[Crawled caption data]
- Opening Delimiter -
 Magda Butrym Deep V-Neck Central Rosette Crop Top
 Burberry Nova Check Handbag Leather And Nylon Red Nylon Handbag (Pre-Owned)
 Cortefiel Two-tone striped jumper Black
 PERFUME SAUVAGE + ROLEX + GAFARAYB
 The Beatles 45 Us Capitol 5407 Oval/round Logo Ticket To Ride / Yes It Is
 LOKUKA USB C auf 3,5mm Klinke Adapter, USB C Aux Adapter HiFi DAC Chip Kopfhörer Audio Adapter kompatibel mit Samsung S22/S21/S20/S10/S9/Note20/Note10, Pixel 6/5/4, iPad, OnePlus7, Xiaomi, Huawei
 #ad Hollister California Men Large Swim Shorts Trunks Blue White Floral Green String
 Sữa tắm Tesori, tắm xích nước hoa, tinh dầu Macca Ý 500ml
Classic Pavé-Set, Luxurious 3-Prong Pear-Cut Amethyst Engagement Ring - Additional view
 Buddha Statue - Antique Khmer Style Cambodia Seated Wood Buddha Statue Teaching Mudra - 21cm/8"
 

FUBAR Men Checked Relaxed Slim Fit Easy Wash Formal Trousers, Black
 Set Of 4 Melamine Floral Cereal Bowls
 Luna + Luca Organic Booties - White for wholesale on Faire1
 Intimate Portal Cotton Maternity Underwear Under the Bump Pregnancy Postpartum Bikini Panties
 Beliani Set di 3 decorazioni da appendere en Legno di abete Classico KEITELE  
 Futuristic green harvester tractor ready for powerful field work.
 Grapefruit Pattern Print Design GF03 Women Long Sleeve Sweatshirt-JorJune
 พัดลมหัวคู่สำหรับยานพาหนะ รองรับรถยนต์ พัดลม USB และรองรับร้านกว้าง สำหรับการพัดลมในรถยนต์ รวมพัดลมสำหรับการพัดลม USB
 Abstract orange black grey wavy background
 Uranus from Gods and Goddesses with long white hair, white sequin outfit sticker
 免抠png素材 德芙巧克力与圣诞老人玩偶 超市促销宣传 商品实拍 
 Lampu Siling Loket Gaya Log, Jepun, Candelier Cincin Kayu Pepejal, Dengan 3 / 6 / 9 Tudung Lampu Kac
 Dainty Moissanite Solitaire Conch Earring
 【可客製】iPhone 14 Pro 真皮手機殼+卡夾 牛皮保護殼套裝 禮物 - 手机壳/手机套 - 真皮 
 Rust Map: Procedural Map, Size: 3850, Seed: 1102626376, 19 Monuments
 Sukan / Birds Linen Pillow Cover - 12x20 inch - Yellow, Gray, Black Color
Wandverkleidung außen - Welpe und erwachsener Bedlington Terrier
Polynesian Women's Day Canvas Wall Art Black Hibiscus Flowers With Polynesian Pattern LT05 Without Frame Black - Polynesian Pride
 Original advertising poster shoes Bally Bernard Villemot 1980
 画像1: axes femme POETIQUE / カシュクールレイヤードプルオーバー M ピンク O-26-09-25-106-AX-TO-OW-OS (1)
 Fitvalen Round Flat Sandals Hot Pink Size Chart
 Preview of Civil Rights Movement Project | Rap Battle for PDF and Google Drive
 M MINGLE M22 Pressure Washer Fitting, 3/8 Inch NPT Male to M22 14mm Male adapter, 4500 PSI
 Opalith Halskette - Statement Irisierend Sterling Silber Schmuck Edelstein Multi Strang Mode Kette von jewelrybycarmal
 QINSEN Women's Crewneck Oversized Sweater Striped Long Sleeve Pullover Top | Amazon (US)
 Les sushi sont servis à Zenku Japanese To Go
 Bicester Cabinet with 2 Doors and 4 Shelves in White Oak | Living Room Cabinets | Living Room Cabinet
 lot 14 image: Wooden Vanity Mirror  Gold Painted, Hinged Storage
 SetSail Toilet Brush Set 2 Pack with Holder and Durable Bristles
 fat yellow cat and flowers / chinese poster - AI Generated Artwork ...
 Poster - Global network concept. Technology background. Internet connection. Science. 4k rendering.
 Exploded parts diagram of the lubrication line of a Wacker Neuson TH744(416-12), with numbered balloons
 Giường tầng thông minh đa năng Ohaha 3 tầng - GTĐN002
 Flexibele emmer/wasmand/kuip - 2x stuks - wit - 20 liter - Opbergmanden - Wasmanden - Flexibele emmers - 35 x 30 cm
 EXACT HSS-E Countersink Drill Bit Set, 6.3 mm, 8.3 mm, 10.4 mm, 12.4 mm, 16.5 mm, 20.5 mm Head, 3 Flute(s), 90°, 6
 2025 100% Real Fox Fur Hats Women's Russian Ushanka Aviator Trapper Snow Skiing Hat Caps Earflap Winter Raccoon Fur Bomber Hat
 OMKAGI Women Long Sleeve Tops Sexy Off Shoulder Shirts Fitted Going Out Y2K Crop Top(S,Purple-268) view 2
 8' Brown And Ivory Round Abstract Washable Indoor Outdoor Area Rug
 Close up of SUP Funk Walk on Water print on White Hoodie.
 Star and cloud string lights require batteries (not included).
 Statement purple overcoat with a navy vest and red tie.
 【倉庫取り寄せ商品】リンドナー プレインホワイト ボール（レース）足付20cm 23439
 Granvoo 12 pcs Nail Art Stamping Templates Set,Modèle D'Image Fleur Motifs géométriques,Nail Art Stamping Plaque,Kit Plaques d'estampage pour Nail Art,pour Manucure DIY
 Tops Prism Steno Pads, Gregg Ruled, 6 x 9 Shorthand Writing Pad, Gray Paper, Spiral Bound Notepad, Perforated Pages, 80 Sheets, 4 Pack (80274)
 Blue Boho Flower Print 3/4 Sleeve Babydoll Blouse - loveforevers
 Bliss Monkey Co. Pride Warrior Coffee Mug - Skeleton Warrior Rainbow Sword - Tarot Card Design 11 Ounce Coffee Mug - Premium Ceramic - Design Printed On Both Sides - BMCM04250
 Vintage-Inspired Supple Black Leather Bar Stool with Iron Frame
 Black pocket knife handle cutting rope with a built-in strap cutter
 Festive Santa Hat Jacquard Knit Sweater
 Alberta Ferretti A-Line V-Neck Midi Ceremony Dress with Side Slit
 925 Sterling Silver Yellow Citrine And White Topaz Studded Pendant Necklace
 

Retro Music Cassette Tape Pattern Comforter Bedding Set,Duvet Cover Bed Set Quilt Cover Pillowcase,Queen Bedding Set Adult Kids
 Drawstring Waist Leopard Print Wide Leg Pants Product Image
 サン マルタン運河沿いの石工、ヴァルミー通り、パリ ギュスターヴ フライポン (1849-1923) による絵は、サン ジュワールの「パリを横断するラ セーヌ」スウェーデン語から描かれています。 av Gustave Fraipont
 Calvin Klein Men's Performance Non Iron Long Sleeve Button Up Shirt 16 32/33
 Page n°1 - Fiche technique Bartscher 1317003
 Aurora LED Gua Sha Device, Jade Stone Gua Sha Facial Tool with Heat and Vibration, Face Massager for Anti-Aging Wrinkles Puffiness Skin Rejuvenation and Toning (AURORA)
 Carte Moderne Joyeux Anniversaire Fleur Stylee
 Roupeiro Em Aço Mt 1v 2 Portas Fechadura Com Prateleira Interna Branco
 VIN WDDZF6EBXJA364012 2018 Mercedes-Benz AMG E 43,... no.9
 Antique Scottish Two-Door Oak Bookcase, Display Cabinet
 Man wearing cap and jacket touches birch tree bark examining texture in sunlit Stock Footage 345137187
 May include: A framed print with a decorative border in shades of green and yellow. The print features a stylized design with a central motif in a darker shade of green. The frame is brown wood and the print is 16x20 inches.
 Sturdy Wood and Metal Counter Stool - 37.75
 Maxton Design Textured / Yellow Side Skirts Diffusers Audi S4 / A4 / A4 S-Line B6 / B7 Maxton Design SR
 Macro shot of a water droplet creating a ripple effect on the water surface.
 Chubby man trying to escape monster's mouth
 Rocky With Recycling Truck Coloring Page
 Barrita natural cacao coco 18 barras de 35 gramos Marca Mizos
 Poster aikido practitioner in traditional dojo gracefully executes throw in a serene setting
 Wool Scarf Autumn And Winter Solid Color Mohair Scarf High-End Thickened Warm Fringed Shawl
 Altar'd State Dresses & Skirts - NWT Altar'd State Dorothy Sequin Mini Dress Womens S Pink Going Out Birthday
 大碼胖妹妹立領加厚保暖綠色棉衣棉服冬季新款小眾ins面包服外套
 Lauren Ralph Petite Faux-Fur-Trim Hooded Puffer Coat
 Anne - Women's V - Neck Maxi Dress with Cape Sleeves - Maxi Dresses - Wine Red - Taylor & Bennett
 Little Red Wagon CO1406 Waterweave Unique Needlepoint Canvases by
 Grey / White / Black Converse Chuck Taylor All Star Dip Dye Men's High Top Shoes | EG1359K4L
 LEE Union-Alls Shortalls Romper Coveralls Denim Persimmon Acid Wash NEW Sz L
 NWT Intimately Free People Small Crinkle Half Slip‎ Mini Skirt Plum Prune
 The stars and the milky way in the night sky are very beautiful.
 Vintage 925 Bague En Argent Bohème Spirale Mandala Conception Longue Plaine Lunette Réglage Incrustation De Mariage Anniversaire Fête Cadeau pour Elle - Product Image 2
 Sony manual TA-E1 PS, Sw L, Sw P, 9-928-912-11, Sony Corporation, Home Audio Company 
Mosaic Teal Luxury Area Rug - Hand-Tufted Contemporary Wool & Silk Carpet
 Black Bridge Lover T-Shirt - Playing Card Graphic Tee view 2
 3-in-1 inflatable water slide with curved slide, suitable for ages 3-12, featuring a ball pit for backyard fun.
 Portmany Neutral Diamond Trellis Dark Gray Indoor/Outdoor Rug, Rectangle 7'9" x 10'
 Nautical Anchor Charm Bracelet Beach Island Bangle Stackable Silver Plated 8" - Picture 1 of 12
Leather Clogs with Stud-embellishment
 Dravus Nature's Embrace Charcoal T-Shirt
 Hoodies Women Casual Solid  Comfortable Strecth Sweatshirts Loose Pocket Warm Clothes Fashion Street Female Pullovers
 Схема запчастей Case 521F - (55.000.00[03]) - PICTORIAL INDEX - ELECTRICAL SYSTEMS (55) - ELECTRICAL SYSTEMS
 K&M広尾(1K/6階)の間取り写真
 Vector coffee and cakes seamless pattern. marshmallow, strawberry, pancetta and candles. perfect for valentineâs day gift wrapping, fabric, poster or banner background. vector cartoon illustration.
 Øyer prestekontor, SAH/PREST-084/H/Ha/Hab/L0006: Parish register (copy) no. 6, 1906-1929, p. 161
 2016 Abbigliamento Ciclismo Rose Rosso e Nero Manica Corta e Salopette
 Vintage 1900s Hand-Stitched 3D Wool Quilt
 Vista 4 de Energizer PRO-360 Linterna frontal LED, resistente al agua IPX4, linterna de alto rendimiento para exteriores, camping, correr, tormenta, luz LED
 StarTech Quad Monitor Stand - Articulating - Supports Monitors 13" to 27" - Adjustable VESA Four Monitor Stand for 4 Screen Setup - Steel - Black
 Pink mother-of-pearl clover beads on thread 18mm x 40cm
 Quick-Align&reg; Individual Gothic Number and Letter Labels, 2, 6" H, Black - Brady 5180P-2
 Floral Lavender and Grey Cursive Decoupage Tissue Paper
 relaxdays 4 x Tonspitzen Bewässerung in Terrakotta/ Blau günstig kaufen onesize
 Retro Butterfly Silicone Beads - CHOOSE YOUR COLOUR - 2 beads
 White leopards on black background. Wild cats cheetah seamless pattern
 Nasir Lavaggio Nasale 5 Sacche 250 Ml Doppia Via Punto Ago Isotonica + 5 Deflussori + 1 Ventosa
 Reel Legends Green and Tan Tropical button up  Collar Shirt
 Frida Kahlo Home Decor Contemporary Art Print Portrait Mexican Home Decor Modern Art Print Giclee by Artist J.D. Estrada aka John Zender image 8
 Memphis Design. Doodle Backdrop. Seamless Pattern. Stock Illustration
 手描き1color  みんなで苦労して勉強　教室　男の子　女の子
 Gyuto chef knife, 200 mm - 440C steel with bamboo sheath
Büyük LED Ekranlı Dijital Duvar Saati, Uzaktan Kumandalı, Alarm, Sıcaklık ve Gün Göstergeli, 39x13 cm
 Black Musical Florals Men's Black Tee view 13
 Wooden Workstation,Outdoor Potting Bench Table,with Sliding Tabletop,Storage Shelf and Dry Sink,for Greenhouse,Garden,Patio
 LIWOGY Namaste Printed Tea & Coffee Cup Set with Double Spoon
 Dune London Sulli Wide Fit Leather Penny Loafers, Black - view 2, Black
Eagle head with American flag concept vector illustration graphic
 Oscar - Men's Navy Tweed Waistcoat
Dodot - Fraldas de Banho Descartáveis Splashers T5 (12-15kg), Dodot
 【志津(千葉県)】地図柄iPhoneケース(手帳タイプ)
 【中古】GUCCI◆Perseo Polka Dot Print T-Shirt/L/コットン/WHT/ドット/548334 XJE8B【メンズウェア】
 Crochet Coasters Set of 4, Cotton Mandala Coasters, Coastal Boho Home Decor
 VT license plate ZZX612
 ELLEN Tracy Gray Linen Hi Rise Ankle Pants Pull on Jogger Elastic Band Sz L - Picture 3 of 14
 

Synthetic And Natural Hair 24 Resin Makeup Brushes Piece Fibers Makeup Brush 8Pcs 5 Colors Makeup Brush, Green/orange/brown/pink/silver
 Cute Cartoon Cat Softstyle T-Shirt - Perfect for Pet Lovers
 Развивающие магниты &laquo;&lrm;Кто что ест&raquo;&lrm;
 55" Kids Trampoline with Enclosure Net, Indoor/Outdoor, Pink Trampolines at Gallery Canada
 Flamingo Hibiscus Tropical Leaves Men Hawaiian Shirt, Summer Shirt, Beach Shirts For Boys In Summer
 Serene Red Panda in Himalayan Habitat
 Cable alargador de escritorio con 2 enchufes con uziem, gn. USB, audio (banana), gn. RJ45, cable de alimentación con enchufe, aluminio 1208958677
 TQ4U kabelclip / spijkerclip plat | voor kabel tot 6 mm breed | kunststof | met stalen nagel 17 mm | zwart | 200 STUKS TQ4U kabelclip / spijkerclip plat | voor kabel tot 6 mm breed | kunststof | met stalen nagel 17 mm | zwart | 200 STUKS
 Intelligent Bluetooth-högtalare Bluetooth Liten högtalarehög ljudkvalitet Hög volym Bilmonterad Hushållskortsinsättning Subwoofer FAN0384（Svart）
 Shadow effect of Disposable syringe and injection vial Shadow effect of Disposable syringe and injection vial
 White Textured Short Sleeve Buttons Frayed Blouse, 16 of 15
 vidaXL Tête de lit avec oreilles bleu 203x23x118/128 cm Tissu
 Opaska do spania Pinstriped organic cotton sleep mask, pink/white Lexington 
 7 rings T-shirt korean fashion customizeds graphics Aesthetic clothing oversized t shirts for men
- Closing Delimiter -
What to produce:
Each line holding the word "Solid" must be copied from the data.

Solution for this problem:
 Wool Scarf Autumn And Winter Solid Color Mohair Scarf High-End Thickened Warm Fringed Shawl
 Hoodies Women Casual Solid  Comfortable Strecth Sweatshirts Loose Pocket Warm Clothes Fashion Street Female Pullovers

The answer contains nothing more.